Tempo di bilanci per il sistema allevatoriale piemontese rappresentato dall’Arap, forte di oltre seimila aziende zootecniche leader nella produzione di carne e latte.
Giovedì 6 luglio, nella sede di via Livorno a Torino, i delegati dell’Associazione regionale allevatori si riuniscono in assemblea per approvare il consuntivo 2016 e discutere sui risultati del percorso di riorganizzazione avviato quattro anni fa nell’ambito del programma di spending review promosso dal ministero delle Politiche agricole.

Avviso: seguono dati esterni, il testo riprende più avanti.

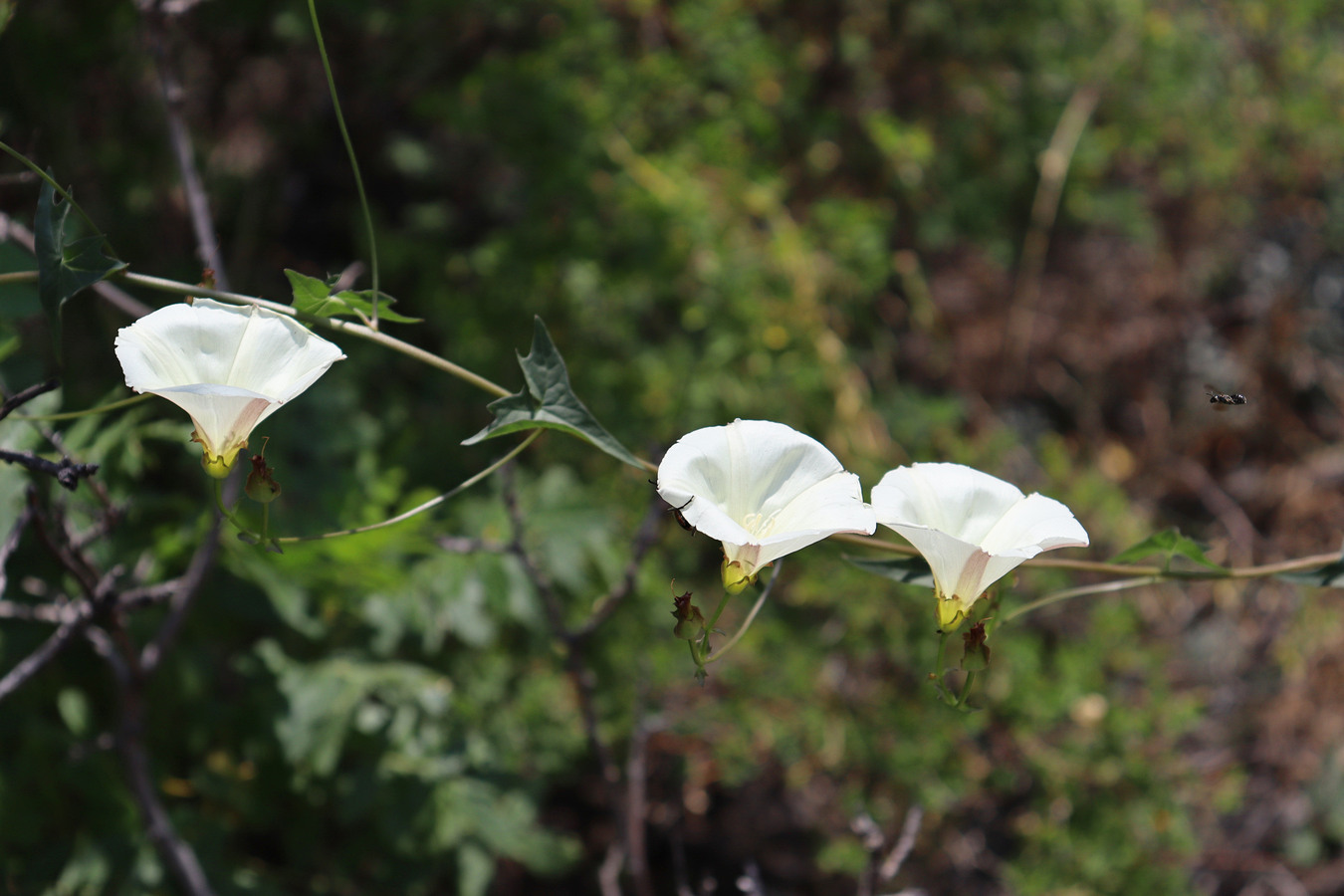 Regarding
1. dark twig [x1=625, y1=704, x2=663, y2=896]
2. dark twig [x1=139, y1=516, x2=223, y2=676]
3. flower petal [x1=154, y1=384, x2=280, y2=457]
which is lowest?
dark twig [x1=625, y1=704, x2=663, y2=896]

L’assemblea generale cade in un momento ad “alta tensione”. Spiega il presidente Arap Roberto Chialva: “Il nostro sistema si è dovuto confrontare, nei giorni scorsi, con una criticità tra le più gravi della sua lunga storia: il disimpegno dei fondi stanziati nel 2017.
Nella sostanza il Ministero aveva ridotto i trasferimenti di risorse alle Regioni da 22,5 a 7,2 milioni di euro a fronte di una spesa sostenuta dalle nostre associazioni che si attesta a quasi 60 milioni di euro. Un taglio devastante e comunicato a metà della campagna in corso.
Fortunatamente – sottolinea Chialva – la mobilitazione ha consentito il recupero dei fondi. Oggi a nome dei nostri allevatori ringrazio i Ministeri delle Politiche agricole e dell’Economia, la nostra associazione nazionale, gli assessorati regionali all’agricoltura, con un cenno particolare per il nostro assessore Giorgio Ferrero che ha messo in campo il suo tempestivo interessamento, sostenuto dai sindacati agricoli, Coldiretti in primis, dai consorzi di tutela e dai molti esponenti politici. Ora possiamo guardare avanti con maggiore serenità, ma tenendo presente che il mondo allevatoriale dovrà essere sempre più competitivo e capace di strategie vincenti”.
Una sfida che l’Arap ha ingaggiato a partire dal 2013, con l’acquisizione dei patrimoni delle associazioni provinciali (Apa) che hanno partecipato al progetto di riorganizzazione.
Ciò ha determinato importanti economie di scala nei costi di gestione, anche nell’ambito delle attività di analisi di laboratorio. Su questo fronte, precisa Tiziano Valperga direttore Arap, “una ulteriore e strategica iniziativa, approvata e resa operativa nel corso del 2016, è il progetto di trasferimento del laboratorio Centro Latte di Torino presso le nostre strutture di Cuneo.
Il passaggio, che verosimilmente verrà completato entro fine 2017, permetterà di unificare in una sola sede i due laboratori di Cuneo e di Torino.
Questo progetto consentirà importanti vantaggi economici e tecnici sintetizzabili principalmente nel conseguimento di ulteriori economie nei costi di gestione e nello sviluppo di nuovi ed importanti servizi per il comparto latte, per quello della carne e per le filiere collegate”.
Uno scenario caratterizzato dunque dal forte impegno “istituzionale” a guidare la modernizzazione del sistema allevatoriale, stretti fra la necessità di tenere i conti a posto e il dovere di assicurare i migliori servizi alle aziende zootecniche.
A regalare note di fiducia, nell’attuale quadro di risorse limitate, ci sono gli incoraggianti risultati economici conseguiti dalla carne certificata della razza bovina Piemontese, nonostante le molteplici campagne denigratorie contro il consumo di carne. Osserva al riguardo il presidente Arap, Roberto Chialva: “Il modello di sviluppo futuro dei nostri allevamenti non è quello che mira a stalle con 2-3000 o più capi. Occorre ricercare il giusto equilibrio tra economie di scala, impatto ambientale, presidio del territorio e quantità-qualità delle produzioni”.
La normativa che impone l’origine obbligatoria in etichetta per il latte e i formaggi commercializzati in Italia, così come il recente conseguimento della certificazione IGP Vitelloni piemontesi della coscia, sono provvedimenti che vanno ad attestare il nuovo equilibrio.
Ancora Chialva: “Sempre di più i consumatori, a livello mondiale, sono attirati dall’origine degli alimenti, da come essi sono prodotti, dal loro effetto sulla salute e sull’ambiente.
Questa situazione determinerà un passaggio obbligato dai sistemi di produzione intensivi e standardizzati a nuovi modelli più sostenibili ed inclusivi tipici della maggior parte degli allevamenti oggi già soci del nostro sistema”.